--- AVAILABLE DATA Enclosed Below ---

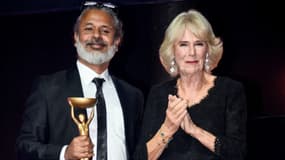 L'écrivain sri-lankais Shehan Karunatilaka (à gauche) et la reine consort Camilla (à droite) après avoir remporté le Booker Prize britannique pour son roman "The Seven Moons of Maali Almeida", à Londres, le 17 octobre 2022.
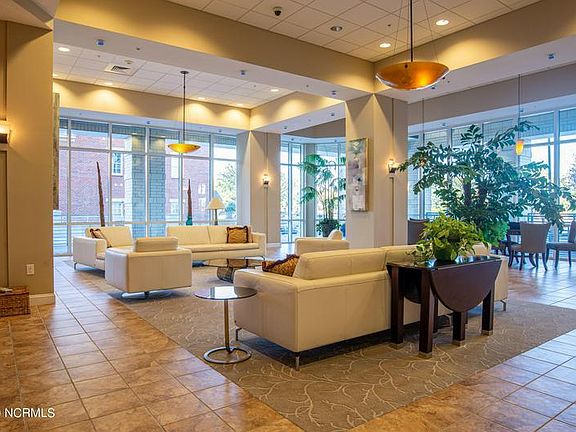 Grand lobby/ entrance. Perfect to gather with friends or host an informal, meeting.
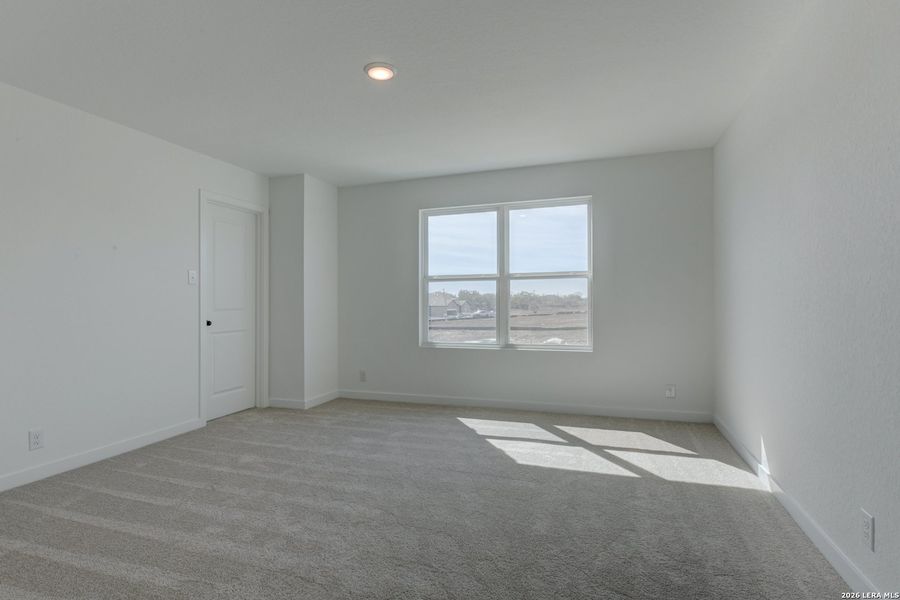 Spacious, unfurnished interior of a new home in Nopal Valley, San Antonio (Image 23).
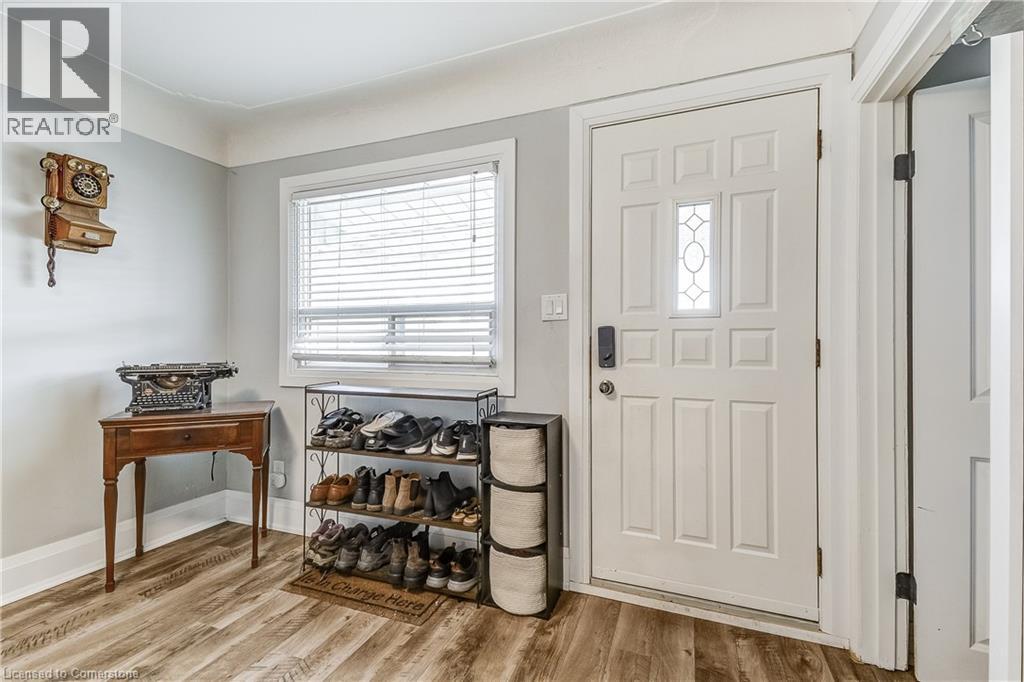 Photo 5 of 378 Waverly Street, Hamilton ON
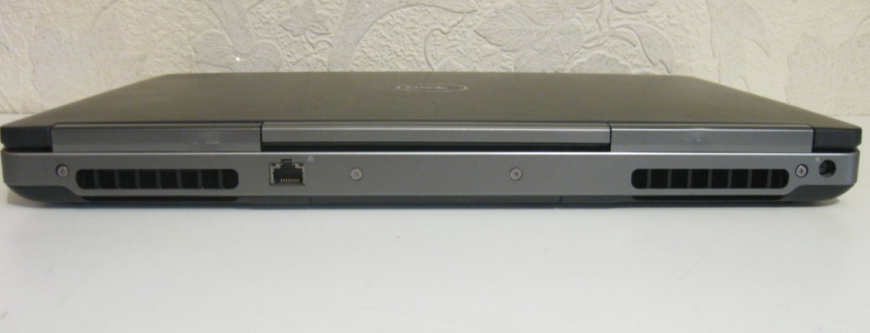 Ігровий ноутбук Dell Precision 7510 / 15.6" (1920x1080) TN / Intel Core i7-6820HQ (4 (8) ядра по 2.7 - 3.6 GHz) / 16 GB DDR4 / 240 GB SSD / nVidia Quadro M2000M, 4 GB GDDR5, 128-bit / WebCam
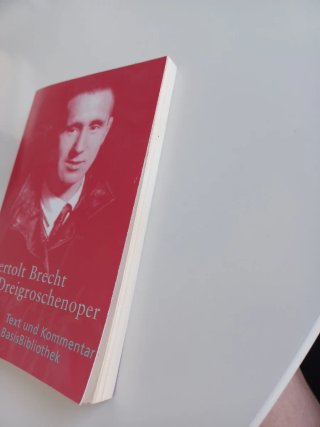 Die Dreigroschenoper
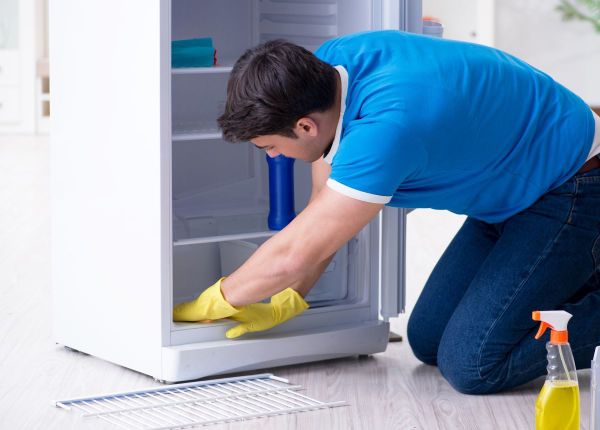 Các bước khắc phục tình trạng tủ lạnh Berjaya chảy nước ở ngăn mát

--- End of Enclosed AVAILABLE DATA ---

Nothing but the lines from the beginning of the material through the line with "Photo 5 of 378 Waverly Street, Hamilton ON" should appear, printed exactly, with no pictures among them.

# [THE ANSWER]
 L'écrivain sri-lankais Shehan Karunatilaka (à gauche) et la reine consort Camilla (à droite) après avoir remporté le Booker Prize britannique pour son roman "The Seven Moons of Maali Almeida", à Londres, le 17 octobre 2022.
 Grand lobby/ entrance. Perfect to gather with friends or host an informal, meeting.
 Spacious, unfurnished interior of a new home in Nopal Valley, San Antonio (Image 23).
 Photo 5 of 378 Waverly Street, Hamilton ON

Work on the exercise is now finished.